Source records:
—————

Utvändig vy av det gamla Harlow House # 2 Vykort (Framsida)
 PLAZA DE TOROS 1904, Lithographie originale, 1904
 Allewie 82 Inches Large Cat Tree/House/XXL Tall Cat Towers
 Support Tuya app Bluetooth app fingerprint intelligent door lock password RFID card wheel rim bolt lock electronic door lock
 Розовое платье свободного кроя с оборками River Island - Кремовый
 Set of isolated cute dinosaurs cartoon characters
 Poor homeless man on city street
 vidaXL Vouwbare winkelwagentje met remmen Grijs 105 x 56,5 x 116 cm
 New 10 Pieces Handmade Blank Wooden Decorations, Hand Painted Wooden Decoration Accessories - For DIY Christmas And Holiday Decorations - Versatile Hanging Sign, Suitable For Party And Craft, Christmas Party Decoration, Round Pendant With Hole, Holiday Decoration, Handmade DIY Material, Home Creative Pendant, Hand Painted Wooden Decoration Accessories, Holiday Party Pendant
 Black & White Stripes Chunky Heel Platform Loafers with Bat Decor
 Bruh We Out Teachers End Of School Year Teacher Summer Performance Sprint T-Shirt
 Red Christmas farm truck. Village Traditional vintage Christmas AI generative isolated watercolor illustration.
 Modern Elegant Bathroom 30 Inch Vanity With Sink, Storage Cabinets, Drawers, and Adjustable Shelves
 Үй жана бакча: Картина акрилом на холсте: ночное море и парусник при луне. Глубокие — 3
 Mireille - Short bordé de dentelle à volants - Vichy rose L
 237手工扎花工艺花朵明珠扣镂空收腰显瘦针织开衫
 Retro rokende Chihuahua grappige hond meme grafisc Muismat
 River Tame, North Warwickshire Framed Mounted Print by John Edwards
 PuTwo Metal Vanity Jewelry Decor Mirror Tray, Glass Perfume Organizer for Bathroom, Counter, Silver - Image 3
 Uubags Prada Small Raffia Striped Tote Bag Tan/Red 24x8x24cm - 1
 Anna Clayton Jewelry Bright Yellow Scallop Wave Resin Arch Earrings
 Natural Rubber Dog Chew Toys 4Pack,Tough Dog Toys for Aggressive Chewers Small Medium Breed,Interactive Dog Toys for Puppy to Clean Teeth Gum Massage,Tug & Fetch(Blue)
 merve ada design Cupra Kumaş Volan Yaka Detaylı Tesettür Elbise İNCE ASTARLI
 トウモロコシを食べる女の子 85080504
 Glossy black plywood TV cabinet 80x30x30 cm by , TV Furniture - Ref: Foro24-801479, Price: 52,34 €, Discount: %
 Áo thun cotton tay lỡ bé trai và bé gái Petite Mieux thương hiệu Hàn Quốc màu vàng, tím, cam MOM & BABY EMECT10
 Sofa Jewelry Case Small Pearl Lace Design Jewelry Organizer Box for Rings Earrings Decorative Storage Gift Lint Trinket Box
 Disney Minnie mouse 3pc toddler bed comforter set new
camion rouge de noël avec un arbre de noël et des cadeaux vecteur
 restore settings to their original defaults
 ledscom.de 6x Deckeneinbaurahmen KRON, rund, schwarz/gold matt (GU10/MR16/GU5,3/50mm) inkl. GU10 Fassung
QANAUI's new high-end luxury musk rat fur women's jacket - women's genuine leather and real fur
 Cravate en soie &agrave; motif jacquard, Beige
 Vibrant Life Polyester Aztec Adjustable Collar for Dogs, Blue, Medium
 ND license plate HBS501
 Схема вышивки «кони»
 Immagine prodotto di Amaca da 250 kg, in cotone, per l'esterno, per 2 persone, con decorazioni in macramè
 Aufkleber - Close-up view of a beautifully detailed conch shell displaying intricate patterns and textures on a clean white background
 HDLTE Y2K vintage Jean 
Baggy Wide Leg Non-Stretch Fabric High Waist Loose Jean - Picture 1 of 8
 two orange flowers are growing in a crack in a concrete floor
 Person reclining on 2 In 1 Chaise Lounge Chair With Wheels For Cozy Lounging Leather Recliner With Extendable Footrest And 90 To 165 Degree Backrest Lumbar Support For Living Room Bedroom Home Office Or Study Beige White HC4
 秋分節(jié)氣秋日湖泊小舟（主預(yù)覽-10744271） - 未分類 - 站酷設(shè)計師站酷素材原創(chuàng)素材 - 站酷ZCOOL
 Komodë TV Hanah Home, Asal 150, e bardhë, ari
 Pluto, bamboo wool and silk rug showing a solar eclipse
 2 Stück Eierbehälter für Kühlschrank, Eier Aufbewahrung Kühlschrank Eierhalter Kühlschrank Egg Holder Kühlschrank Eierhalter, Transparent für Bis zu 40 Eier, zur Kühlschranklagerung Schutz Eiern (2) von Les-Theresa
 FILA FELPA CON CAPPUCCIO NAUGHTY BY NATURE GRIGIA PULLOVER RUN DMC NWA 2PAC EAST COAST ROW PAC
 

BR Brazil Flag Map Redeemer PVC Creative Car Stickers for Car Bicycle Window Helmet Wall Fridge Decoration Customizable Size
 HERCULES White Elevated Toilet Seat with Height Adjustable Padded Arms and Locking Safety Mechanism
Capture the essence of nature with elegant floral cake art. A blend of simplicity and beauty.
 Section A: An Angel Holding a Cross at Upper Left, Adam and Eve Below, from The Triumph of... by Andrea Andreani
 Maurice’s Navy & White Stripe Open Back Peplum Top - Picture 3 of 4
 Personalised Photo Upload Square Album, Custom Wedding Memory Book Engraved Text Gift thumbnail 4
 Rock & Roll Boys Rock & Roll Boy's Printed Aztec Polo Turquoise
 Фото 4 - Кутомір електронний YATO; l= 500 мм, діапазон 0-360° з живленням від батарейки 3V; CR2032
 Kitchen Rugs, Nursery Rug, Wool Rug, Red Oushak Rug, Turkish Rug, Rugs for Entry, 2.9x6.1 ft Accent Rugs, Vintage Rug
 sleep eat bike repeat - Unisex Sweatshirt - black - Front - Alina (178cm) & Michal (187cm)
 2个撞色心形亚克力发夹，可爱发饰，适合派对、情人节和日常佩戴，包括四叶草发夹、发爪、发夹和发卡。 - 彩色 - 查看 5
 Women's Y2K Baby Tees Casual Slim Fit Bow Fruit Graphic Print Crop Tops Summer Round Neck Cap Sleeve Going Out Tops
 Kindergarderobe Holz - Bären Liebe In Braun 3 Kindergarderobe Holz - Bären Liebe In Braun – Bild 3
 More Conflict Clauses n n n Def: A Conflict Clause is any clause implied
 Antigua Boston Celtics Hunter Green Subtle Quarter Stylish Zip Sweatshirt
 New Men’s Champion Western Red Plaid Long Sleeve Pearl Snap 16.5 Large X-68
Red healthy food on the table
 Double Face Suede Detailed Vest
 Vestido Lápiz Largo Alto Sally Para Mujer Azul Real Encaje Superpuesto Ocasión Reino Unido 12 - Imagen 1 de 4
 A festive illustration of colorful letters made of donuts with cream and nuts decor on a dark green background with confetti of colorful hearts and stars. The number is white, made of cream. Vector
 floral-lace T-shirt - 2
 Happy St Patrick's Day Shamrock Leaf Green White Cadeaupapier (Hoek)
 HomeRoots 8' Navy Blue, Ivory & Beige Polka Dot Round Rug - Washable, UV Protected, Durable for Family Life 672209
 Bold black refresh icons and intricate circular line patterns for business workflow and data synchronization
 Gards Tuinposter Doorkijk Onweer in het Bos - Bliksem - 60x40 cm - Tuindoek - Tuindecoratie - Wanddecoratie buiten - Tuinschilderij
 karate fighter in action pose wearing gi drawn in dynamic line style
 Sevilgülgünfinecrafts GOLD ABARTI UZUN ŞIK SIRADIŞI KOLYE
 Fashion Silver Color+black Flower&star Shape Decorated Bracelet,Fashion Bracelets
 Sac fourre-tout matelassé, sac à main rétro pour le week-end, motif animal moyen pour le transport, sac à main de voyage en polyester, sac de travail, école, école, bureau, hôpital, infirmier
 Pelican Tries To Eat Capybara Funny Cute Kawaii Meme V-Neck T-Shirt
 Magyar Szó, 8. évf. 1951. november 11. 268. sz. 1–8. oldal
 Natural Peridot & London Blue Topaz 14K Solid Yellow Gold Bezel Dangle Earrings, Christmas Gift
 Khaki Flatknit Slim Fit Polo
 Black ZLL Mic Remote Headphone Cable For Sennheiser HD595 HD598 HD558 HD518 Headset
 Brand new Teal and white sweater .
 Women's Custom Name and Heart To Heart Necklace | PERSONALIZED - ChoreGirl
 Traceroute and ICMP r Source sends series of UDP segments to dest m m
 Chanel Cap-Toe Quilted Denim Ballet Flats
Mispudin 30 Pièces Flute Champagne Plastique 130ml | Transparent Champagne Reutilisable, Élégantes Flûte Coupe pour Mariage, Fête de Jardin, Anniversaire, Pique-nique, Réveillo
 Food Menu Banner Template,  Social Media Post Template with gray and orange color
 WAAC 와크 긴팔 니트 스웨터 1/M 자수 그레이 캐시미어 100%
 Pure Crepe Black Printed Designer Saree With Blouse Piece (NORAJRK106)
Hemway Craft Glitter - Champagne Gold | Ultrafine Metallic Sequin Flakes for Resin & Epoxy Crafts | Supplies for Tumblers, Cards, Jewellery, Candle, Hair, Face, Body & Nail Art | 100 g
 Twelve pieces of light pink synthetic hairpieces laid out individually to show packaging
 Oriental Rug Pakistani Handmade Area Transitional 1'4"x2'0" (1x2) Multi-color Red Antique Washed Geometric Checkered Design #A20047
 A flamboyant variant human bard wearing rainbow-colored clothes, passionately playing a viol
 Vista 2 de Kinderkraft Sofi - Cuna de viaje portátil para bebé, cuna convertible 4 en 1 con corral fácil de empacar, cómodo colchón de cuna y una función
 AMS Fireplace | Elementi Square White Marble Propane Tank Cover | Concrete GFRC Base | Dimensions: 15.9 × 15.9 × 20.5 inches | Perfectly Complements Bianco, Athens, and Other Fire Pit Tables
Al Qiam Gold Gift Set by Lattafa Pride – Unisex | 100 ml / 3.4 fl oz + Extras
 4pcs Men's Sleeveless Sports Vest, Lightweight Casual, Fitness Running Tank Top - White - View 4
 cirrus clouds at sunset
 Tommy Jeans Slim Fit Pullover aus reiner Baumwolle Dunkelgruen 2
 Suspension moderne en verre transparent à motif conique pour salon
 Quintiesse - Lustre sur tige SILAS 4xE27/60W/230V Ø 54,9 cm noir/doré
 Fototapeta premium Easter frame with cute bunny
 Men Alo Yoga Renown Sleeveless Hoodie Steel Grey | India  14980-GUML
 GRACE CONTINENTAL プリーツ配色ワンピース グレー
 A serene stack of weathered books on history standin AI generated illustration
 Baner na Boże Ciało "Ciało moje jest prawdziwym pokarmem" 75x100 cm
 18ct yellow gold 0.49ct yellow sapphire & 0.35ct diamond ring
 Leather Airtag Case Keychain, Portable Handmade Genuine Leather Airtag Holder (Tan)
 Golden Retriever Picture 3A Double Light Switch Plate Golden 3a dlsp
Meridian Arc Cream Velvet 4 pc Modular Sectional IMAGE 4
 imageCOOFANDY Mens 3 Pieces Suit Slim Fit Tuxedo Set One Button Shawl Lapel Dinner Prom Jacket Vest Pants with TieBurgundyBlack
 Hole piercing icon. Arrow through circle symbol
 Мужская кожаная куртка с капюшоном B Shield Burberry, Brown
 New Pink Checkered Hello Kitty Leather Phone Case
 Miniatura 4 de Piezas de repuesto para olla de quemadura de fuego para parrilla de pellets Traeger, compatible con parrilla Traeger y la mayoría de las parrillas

—————

HOW TO COMPLETE THIS TASK » Where a line above contains the string "Handmade", copy that line.

WRITTEN ANSWER »
 New 10 Pieces Handmade Blank Wooden Decorations, Hand Painted Wooden Decoration Accessories - For DIY Christmas And Holiday Decorations - Versatile Hanging Sign, Suitable For Party And Craft, Christmas Party Decoration, Round Pendant With Hole, Holiday Decoration, Handmade DIY Material, Home Creative Pendant, Hand Painted Wooden Decoration Accessories, Holiday Party Pendant
 Oriental Rug Pakistani Handmade Area Transitional 1'4"x2'0" (1x2) Multi-color Red Antique Washed Geometric Checkered Design #A20047
 Leather Airtag Case Keychain, Portable Handmade Genuine Leather Airtag Holder (Tan)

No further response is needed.